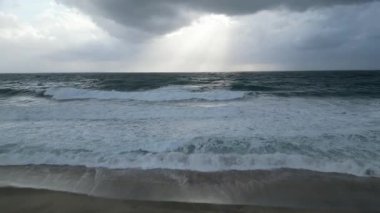 Fırtınalı sahil dalgaları. Akdeniz. Yüksek kaliteli 4K görüntü.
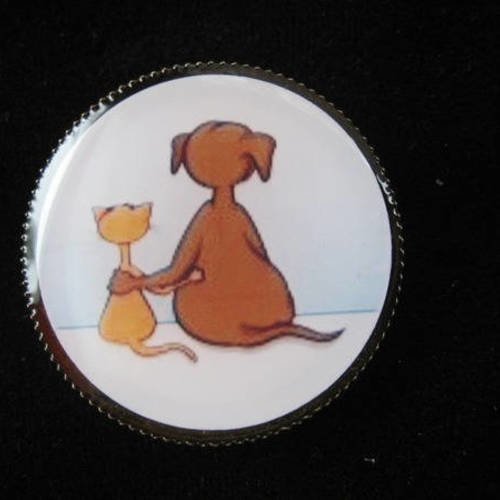 Broche fantaisie, chien et chat love story, sertie en résine, diamètre 30mm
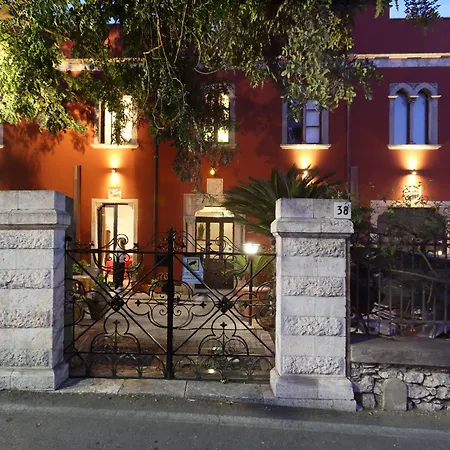 Villa Astoria-2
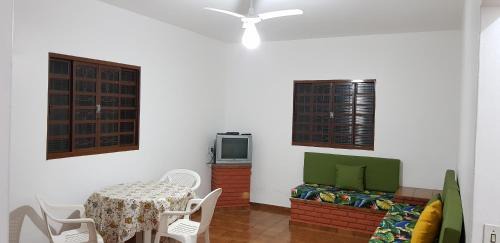 Maranduba House | Pet-Friendly Casa Amarela de Maranduba with Ocean View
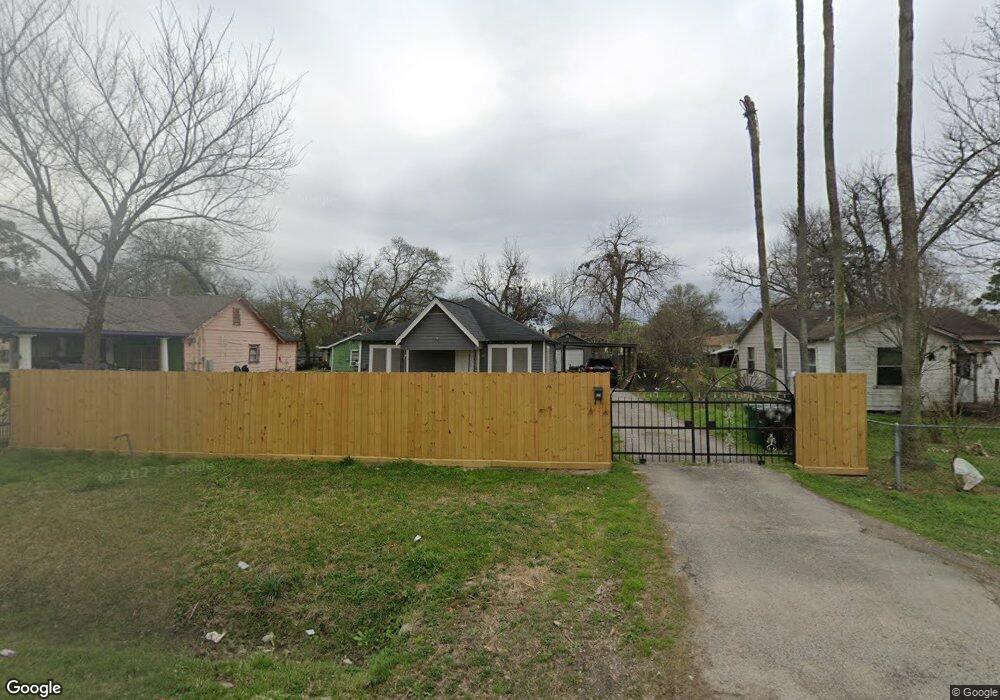 620 Apache St, Houston, TX 77022 - photo 1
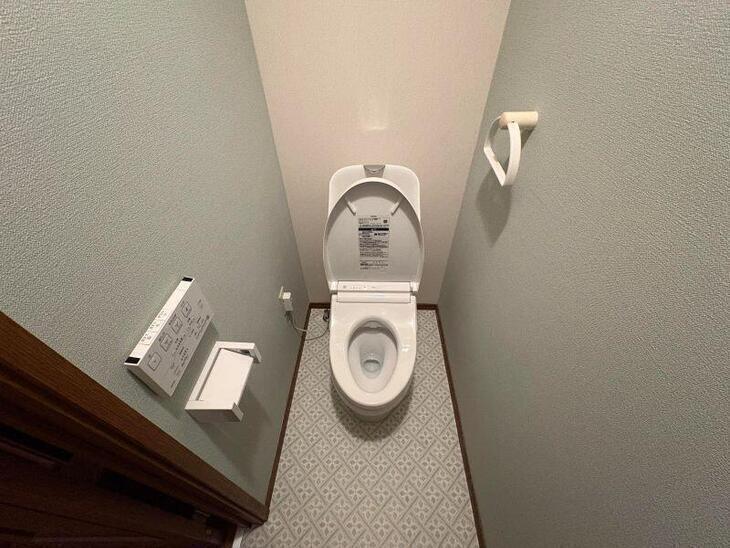 トイレを交換しました。落ち着きのあるトイレに大変身！【湖西店スタッフ】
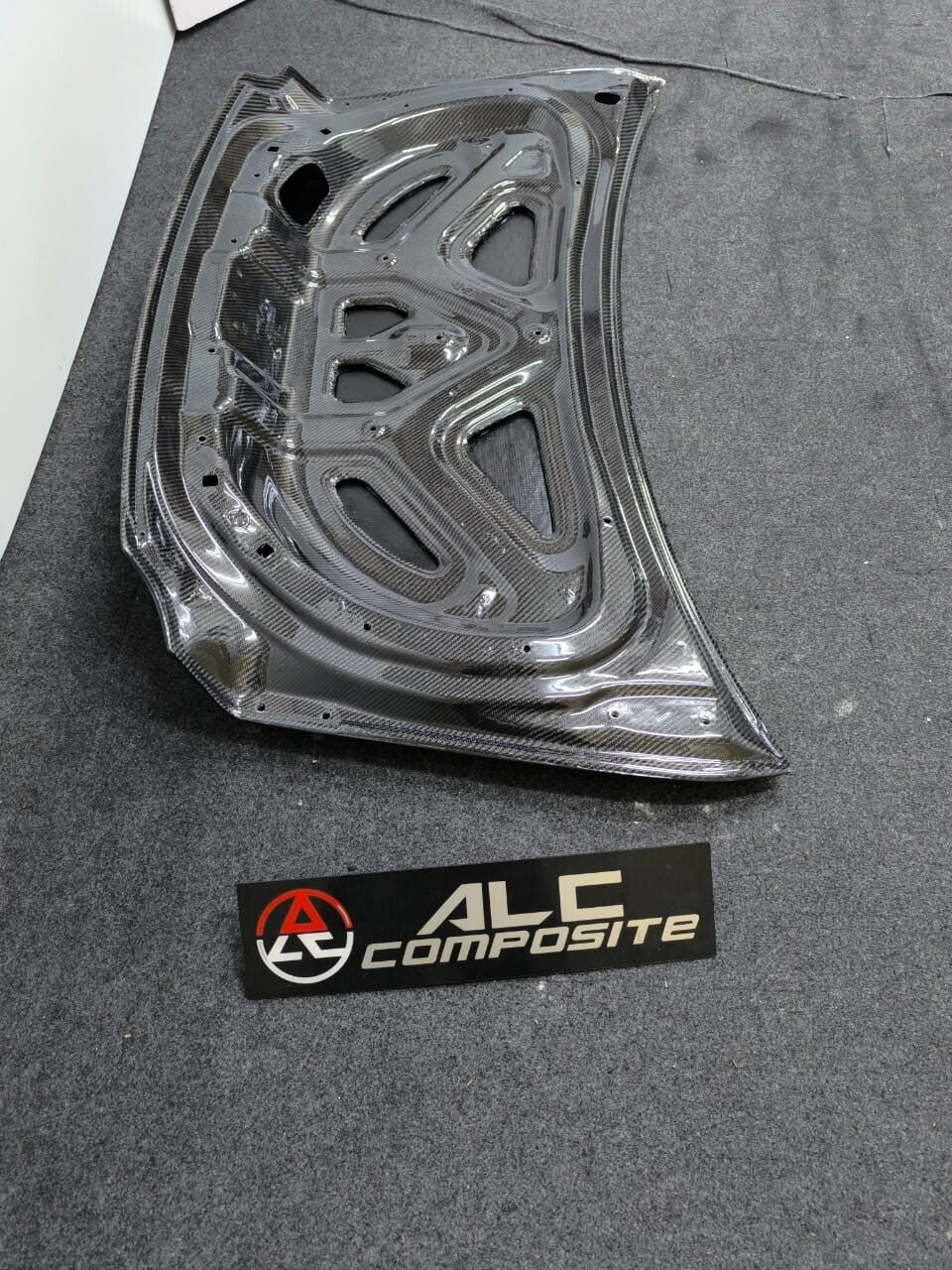 Fit For Nissan R35 GTR OE-Style Dry Carbon Rear Bonnet Trunk Boot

_What needs to be done:_ Pictures stay out of the answer; the rest of the listing above is returned exactly.

_Solution for this problem:_
 Fırtınalı sahil dalgaları. Akdeniz. Yüksek kaliteli 4K görüntü.
 Broche fantaisie, chien et chat love story, sertie en résine, diamètre 30mm
 Villa Astoria-2
 Maranduba House | Pet-Friendly Casa Amarela de Maranduba with Ocean View
 620 Apache St, Houston, TX 77022 - photo 1
 トイレを交換しました。落ち着きのあるトイレに大変身！【湖西店スタッフ】
 Fit For Nissan R35 GTR OE-Style Dry Carbon Rear Bonnet Trunk Boot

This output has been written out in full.